A new bigravity model with exclusively positive branes
Ian I. Kogan, Stavros Mouslopoulos, Antonios Papazoglou
TL;DR
The paper presents a new bigravity construction with two positive-tension $AdS_4$ branes in $AdS_5$ bulk that uses a warp-factor bounce to generate an ultralight KK graviton mode. It preserves the weak energy condition and avoids ghost states, with extra graviton polarizations decoupling so that Einsteinian gravity is recovered at accessible scales.
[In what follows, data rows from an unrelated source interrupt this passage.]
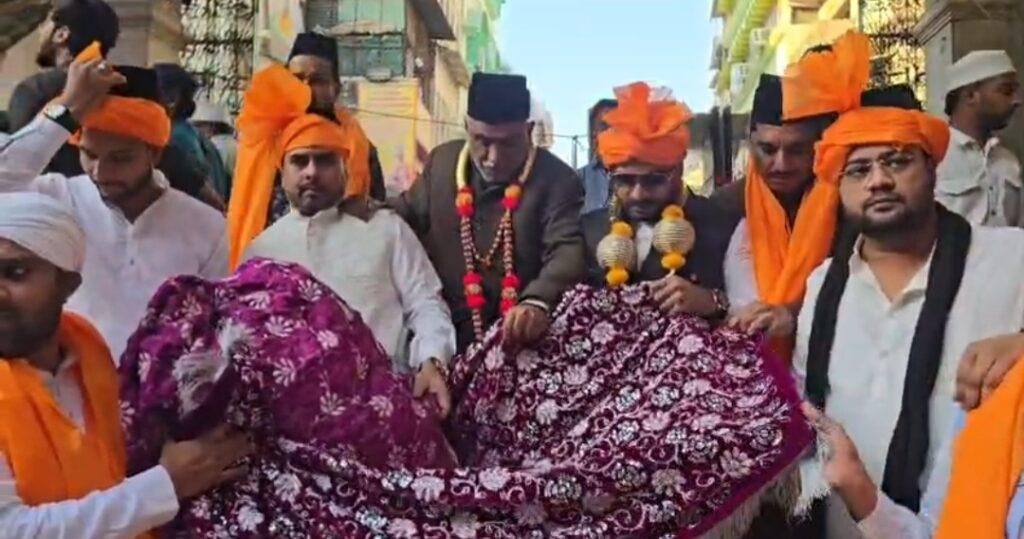 टीपू नगर प्रसिडेंट महबूब चंदन के नेतृत्व में दरगाह बाज़ार से एक विशाल चादर का जुलूस भी हर्ष उल्लास से निकाला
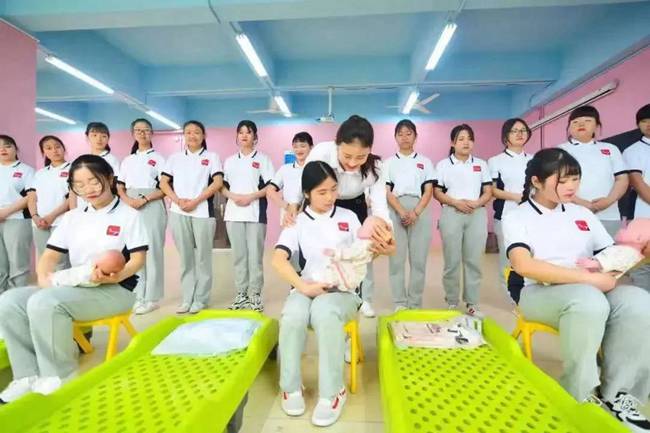 四川省宜宾卫生学校寝室图片,环境及活动照片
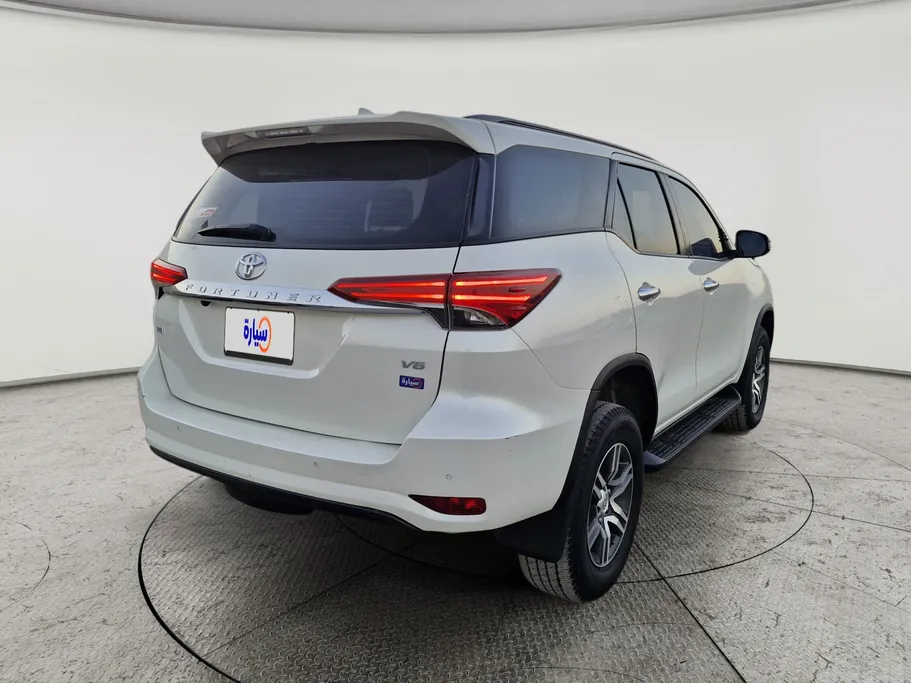 تويوتا فورتشنر VX 2022 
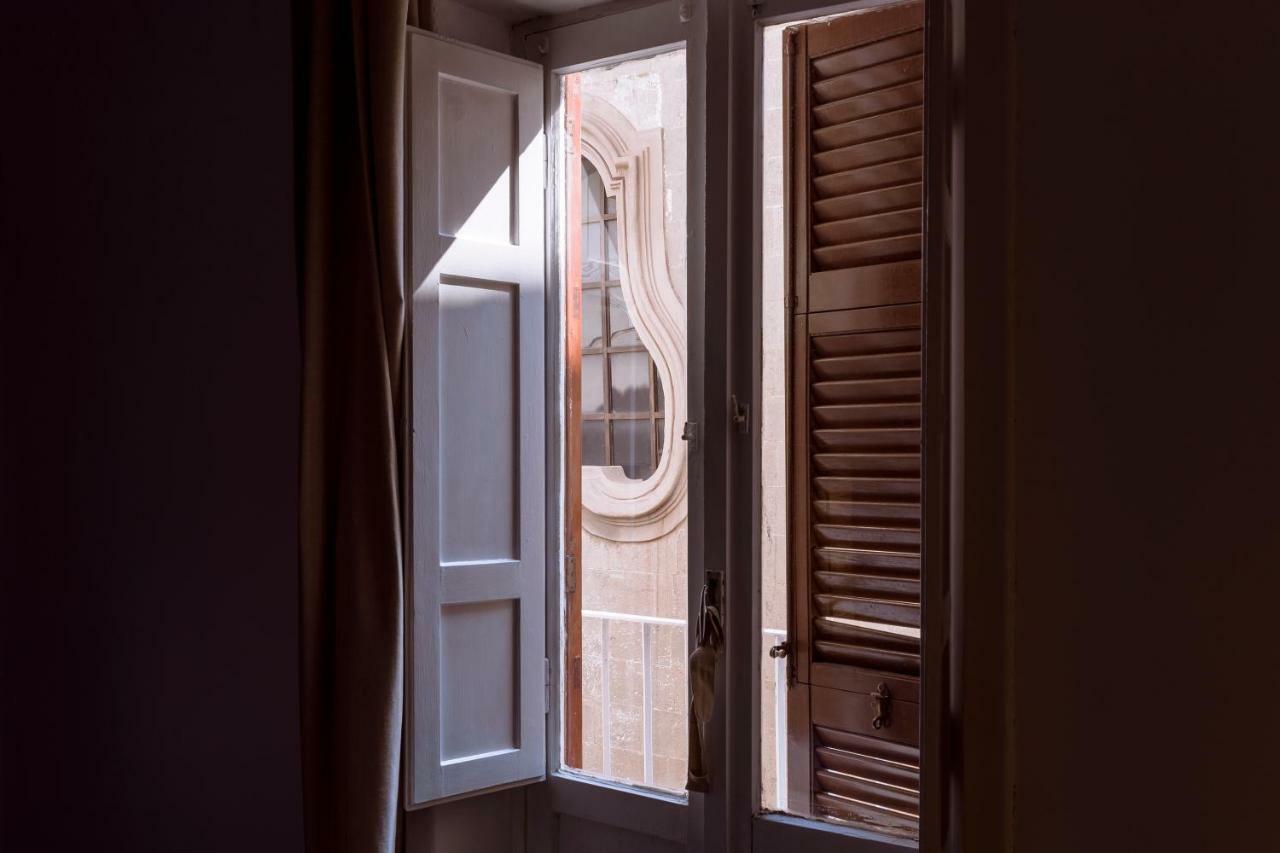 Geneva'S Apartment Таранто Экстерьер фото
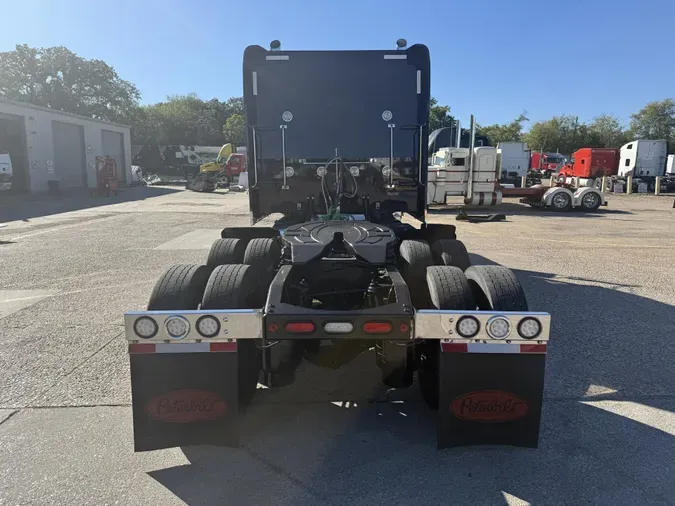 2023 Peterbilt 389f3bd52f0b0bc5c3087f6cee8415f909c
The KK spectrum features a normalizable zero mode and a particularly light first KK state, with masses $m_1 \sim 4\sqrt{3}\,k\,e^{-2k z_0}$ and $m_{n+1} \sim 2\sqrt{n(n+3)}\,k\,e^{-k z_0}$, while couplings to brane matter place the first modes near $1/M_*$ and heavier modes are exponentially suppressed; in the symmetric case $M_{\rm Pl}\approx M_*/\sqrt{2}$. However, the negative effective cosmological constant on the branes and the AdS horizon constrain observable deviations at ultra-large distances, posing phenomenological challenges and motivating future work on cosmological solutions and matter-density effects.
Abstract
We propose a new ``bigravity'' model with two positive tension AdS_4 branes in AdS_5 bulk and no negative tension branes. The bounce of the ``warp'' factor mimics the effect of a negative brane and thus gives rise to an anomalously light graviton KK mode. This configuration satisfies the weak energy condition and has no ghost state. In addition, the extra polarization states of the massive graviton practically decouple and thus it does not contradict to Einsteinian gravity. However, the model has certain phenomenological difficulties associated with the presence of a negative cosmological constant on the branes.